L’aide à l’armée tunisienne, qui a aidé Saied à consolider le pouvoir, est maintenue aux niveaux passés, tandis que le soutien de l’économie et de la société civile est réduit de 65 %.
Les États-Unis devraient être transparents sur les raisons et la manière dont ces décisions ont été prises et à qui l’aide est destinée afin que la société civile puisse contrôler le financement.
Les actions tardives ne font qu’enhardir le régime Saied
Comme ils conditionnent l’aide, les États-Unis devraient utiliser les réunions diplomatiques et les consultations de routine avec les acteurs de la société civile pour saluer les avancées ou pousser les dirigeants tunisiens à faire plus.
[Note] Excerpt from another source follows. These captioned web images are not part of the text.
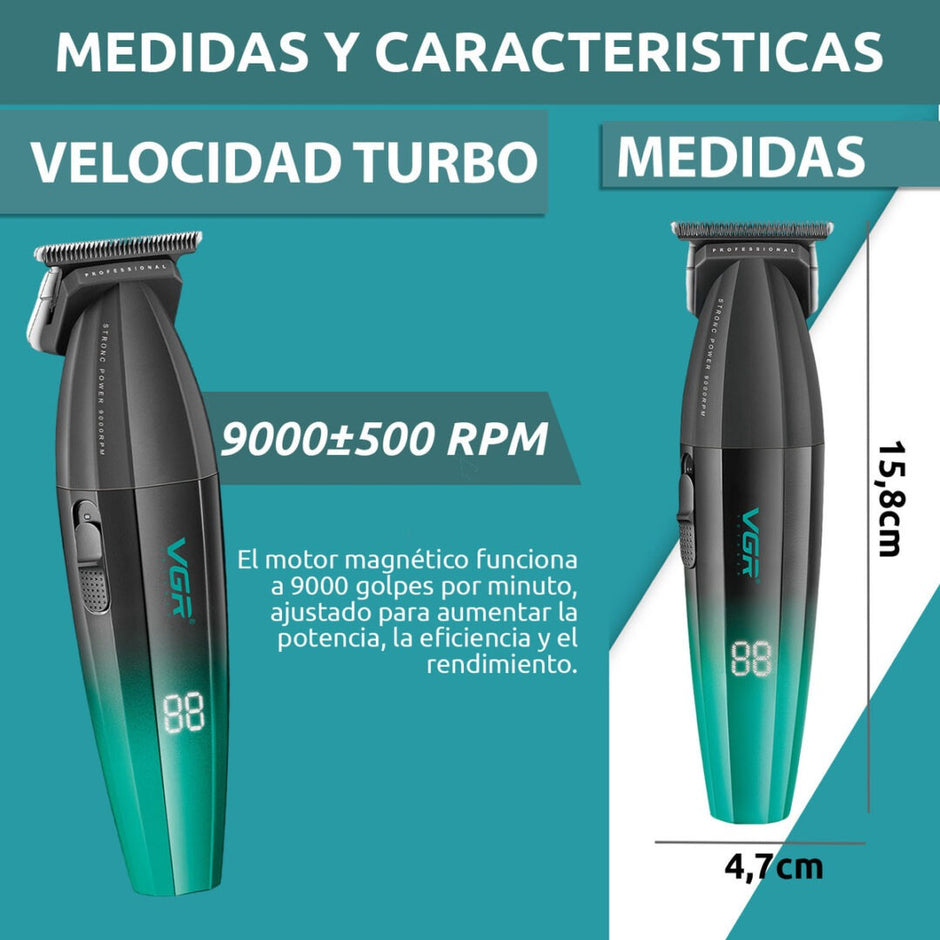 Máquina Patillera Profesional VGR V-906 Magnetico 9000 RPM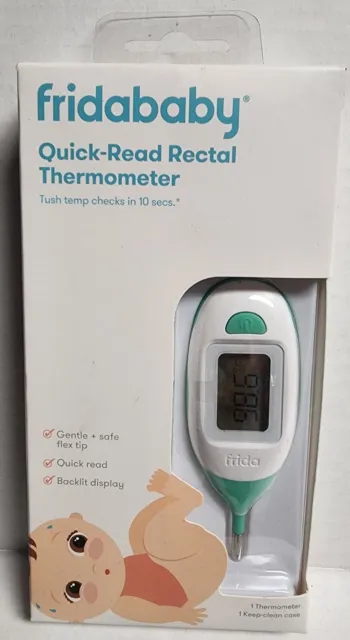 New In Box Fridababy Quick Read Rectal Baby Thermometer And Keep Clean Case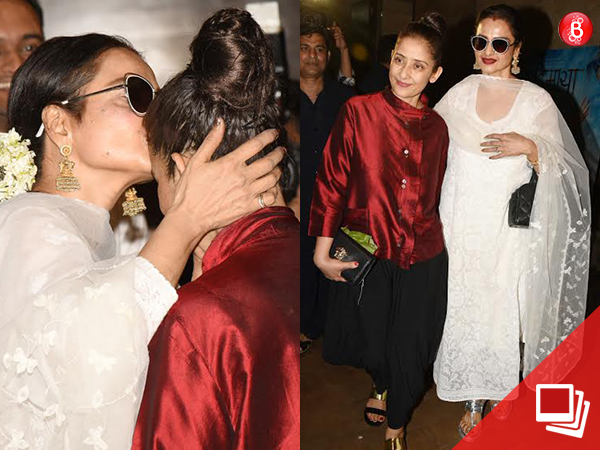 Rekha and Manisha Koirala at ‘Dear Maya’ screening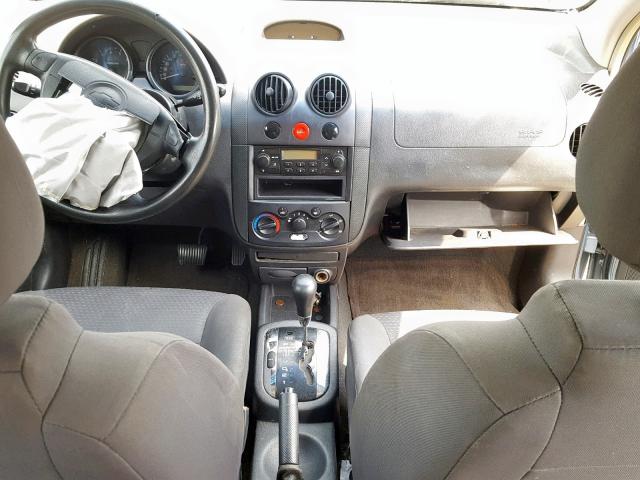 KL1TD56606B535795 - 2006 CHEVROLET AVEO BASE Көк фото 9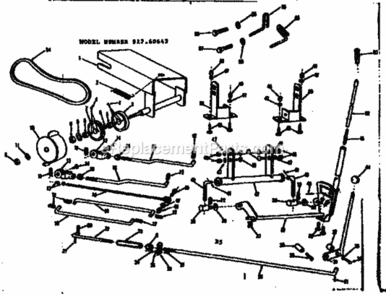 Page B Diagram and Parts List for 91760642  Craftsman Lawn Mower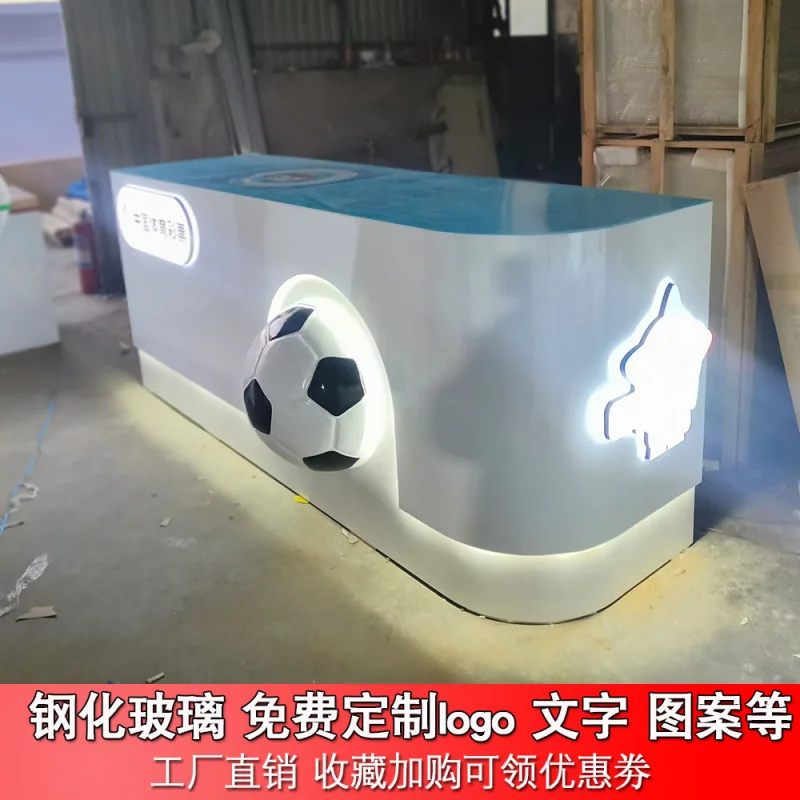 Custom. Customized Sports Color Theme Store Sales Cabinet Welfare Lottery Table Glass Open Cabinet Scratch-off Display Cabinet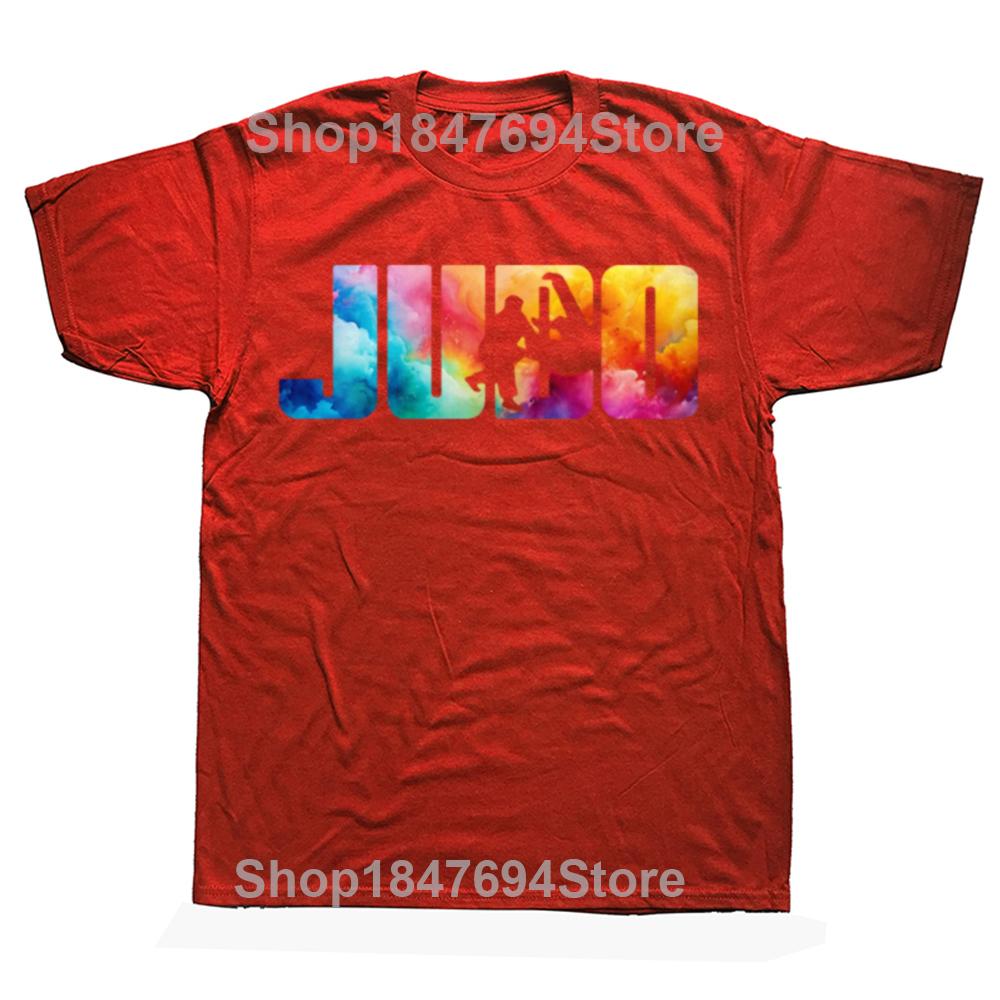 Vtipná grafická trička bojových umění Judo Pánská Dámská Móda Ležérní Tričko 100% Bavlna Volné Nadměrné Sportovní Tričko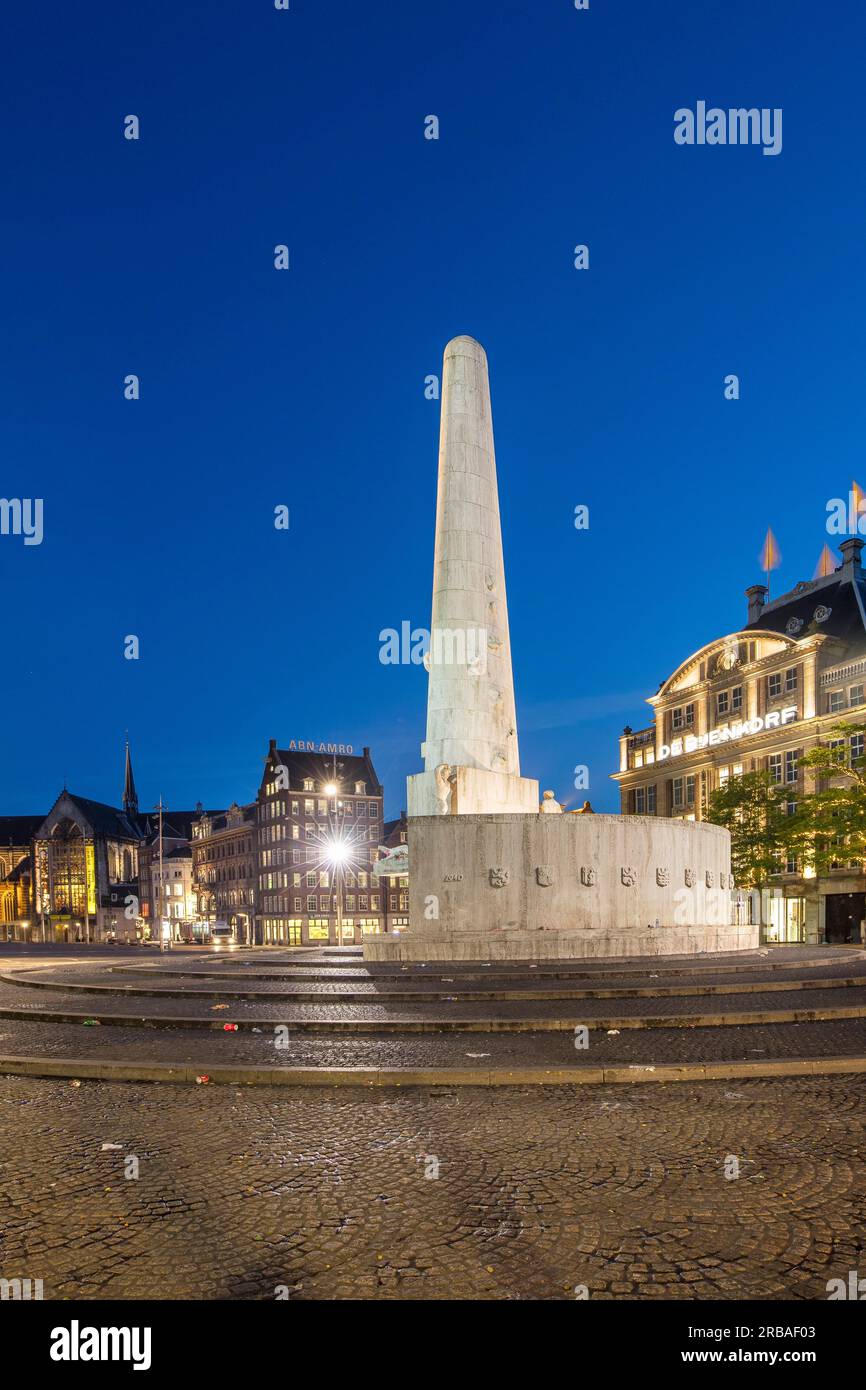 Amsterdam, Holand, DAMPLATZ Stockfoto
Cela nécessite une volonté politique renouvelée de la part de Washington, DC.
Les États-Unis devraient également accélérer les appels à la libération des détenus politiques et au respect des protocoles sur les droits de l’homme dont la Tunisie est signataire, tout en appelant à toutes les atteintes à la liberté de la presse et d’expression.
Des déclarations confuses ou tardives dégonflent les défenseurs tunisiens de la démocratie et encouragent le régime Saied à poursuivre sa campagne en toute impunité.
L’année prochaine, la Tunisie devrait organiser des élections présidentielles et locales.
La société civile tunisienne et les institutions publiques indépendantes ont besoin de soutien pour s’assurer que les élections sont transparentes et que les électeurs ont des alternatives politiques viables à considérer tout en se sentant en sécurité pour voter pour leur choix.
Cela nécessitera des révisions de la loi électorale actuelle, la création de la cour constitutionnelle et le rétablissement d’une véritable indépendance de la commission électorale, au minimum.
L’urgence féroce de maintenant
Lorsque nous nous sommes rencontrés pour la première fois en 2009, nous avons compris que la démocratie n’est pas seulement un ensemble de valeurs ambitieuses – c’est une condition nécessaire à la prospérité et à la stabilité.
La solution politique aux griefs économiques de longue date et au recul démocratique en Tunisie n’est pas de recycler les partenariats ratés qui rappellent l’ère Ben Ali.
Il s’agit de se tenir de toute urgence aux côtés des militants de la démocratie et de soutenir les institutions démocratiques qui, ensemble, tiennent les dirigeants tunisiens responsables et contribuent à faire en sorte que la bonne gouvernance et la démocratie profitent aux citoyens.
Cela doit être fait avec la féroce urgence d’aujourd’hui.